Conformidade Ambiental: O óleo usado e outros materiais perigosos devem ser recolhidos e eliminados em conformidade com os regulamentos ambientais.
Inspeção Pré-Voo: Esta é uma verificação de segurança crítica. Qualquer defeito encontrado, como uma fissura numa pá do rotor ou um amortecedor com fugas, deve ser avaliado de acordo com o AMM. Se o defeito for crítico para a segurança, o helicóptero deve ser imobilizado em terra até que a retificação seja executada.
4. Relações Comuns Entre Conceitos- **Tipo de Sistema de Rotor e Manutenção:** O tipo de sistema de rotor (totalmente articulado, semi-rígido, rígido) determina os componentes específicos a inspecionar (ex.: amortecedores de arrasto, articulação de balanceio) e os modos de falha potenciais (ex.: ressonância de solo, mau ajuste do batente de queda).

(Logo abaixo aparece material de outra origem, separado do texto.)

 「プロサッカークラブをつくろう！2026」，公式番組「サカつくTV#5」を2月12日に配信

Danos e Aeronavegabilidade: A gravidade do dano (fissura vs. amolgadela) e a sua localização (estrutura primária vs. secundária) determinam a ação necessária (imobilização vs. monitorização). As fissuras são geralmente catastróficas, enquanto as amolgadelas podem estar dentro dos limites admissíveis.
Transmissão e Lubrificação: A saúde do sistema de transmissão está diretamente ligada à sua lubrificação. Níveis baixos de óleo ou a presença de partículas metálicas nos detetores de partículas são indicadores de desgaste interno e requerem ação imediata.

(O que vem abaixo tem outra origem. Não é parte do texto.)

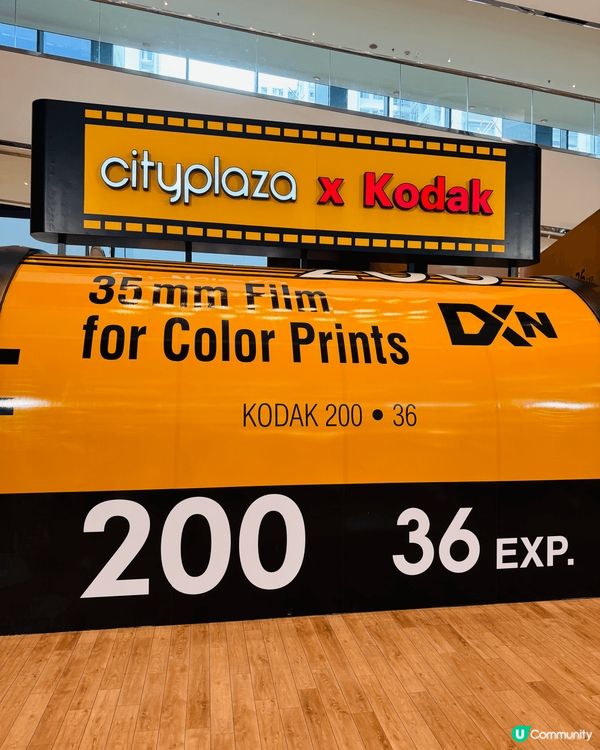 太古城中心聯乘經典攝影品牌Kodak打造復古風韓流打卡熱點，...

Rastreio e Equilíbrio e Vibração: O equilíbrio dinâmico do sistema de rotor está diretamente relacionado com os níveis de vibração da célula. Um rotor fora de rastreio ou desequilibrado causará vibrações excessivas, que podem levar à fadiga e à falha de componentes.
Falha Hidráulica e Forças de Controlo: O design dos comandos de voo com assistência hidráulica garante que o controlo manual é possível em caso de falha, mas com uma relação direta entre a pressão do sistema e a força necessária do piloto.
5. Pontos Típicos de Foco do Exame
Ações Imediatas para Defeitos Críticos: Esteja preparado para identificar a ação imediata correta para defeitos críticos, como fissuras em pás do rotor, amortecedores de arrasto com fugas e partículas metálicas nos detetores de partículas. A resposta é quase sempre imobilizar o helicóptero e substituir o componente.
Limites de Danos Admissíveis: Compreenda a diferença entre danos dentro dos limites (registar e monitorizar) e danos que excedem os limites (reparar ou substituir). Saiba que mesmo danos dentro dos limites podem exigir alisamento para remover concentradores de tensão.
Funções dos Componentes: Seja capaz de indicar a função principal dos componentes-chave: articulação de arrasto, articulação de balanceio, prato oscilante, unidade de roda livre, detetor de partículas, bomba de reforço, aquecimento do carburador, etc.
Privilégios de Certificação: Compreenda o âmbito de uma licença B1.4 e quais as tarefas que são e não são permitidas.
Utilização de Dados Aprovados: Enfatize que o AMM é a autoridade máxima para todos os procedimentos de manutenção, incluindo lubrificação, valores de binário e limites de danos.
Lógica de Resolução de Problemas: Lembre-se de que o primeiro passo na resolução de problemas é isolar a origem do problema antes de fazer ajustes ou substituições.
Sistemas Críticos para a Segurança: Foque-se na importância dos sistemas que são críticos para a segurança de voo, como o sistema de rotor, a transmissão e os comandos de voo. Qualquer defeito nestes sistemas deve ser tratado com a mais alta prioridade.